- [TASK STATEMENT] Everything from the line containing "Critter Shampoo for" through the final line below must be output exactly, both ends included, with nothing else and no pictures.

(SUPPLIED DATA Opens)

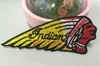Cool Indian Motorcycles Patches Iron on Embroidered Patch for Clothing and Hats Caps Patch Applique Sew on Patch 11x4 5cm G0205313E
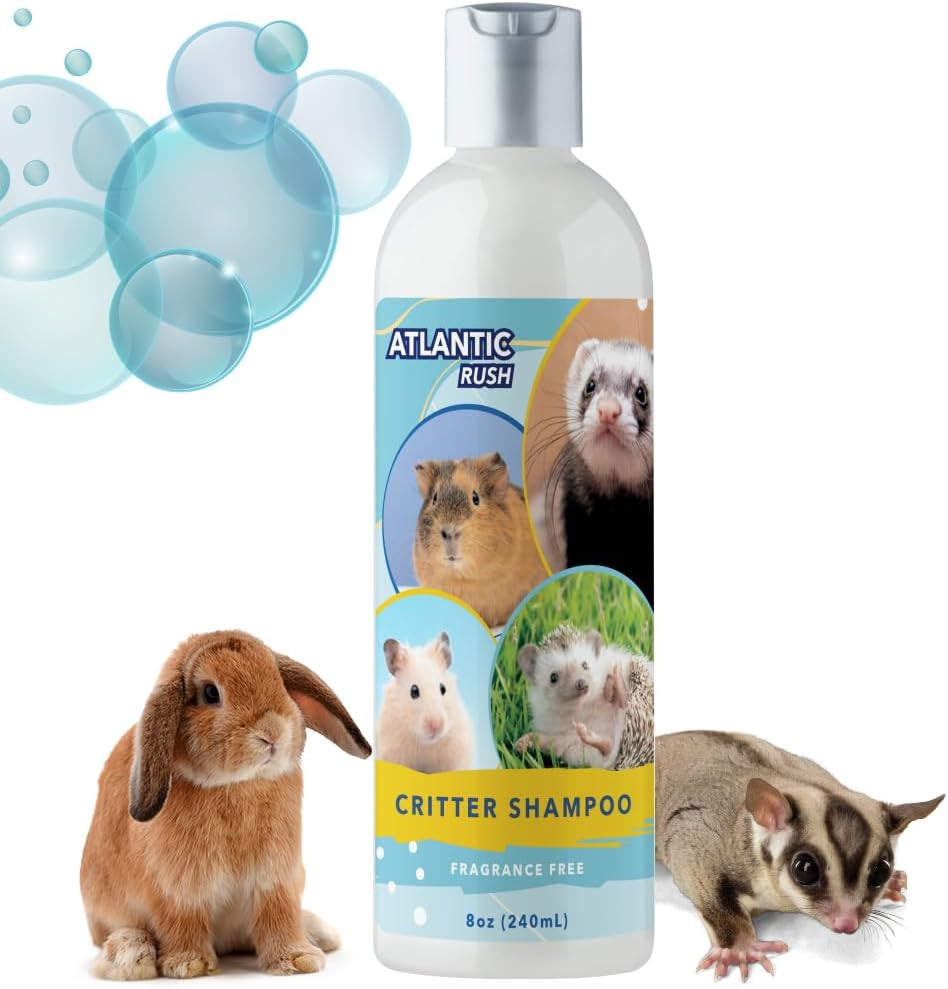 Critter Shampoo for Small Pets 8oz Small Animal Fragrance
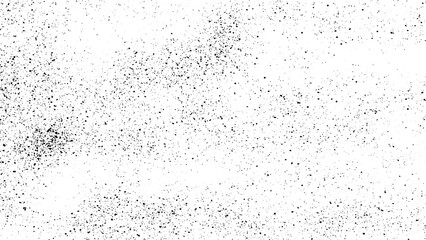 Vector Grunge Texture and dust noise. Horizontal Distress Overlay Texture.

(SUPPLIED DATA Closes)

- [OUTPUT OF THE TASK]
 Critter Shampoo for Small Pets 8oz Small Animal Fragrance
 Vector Grunge Texture and dust noise. Horizontal Distress Overlay Texture.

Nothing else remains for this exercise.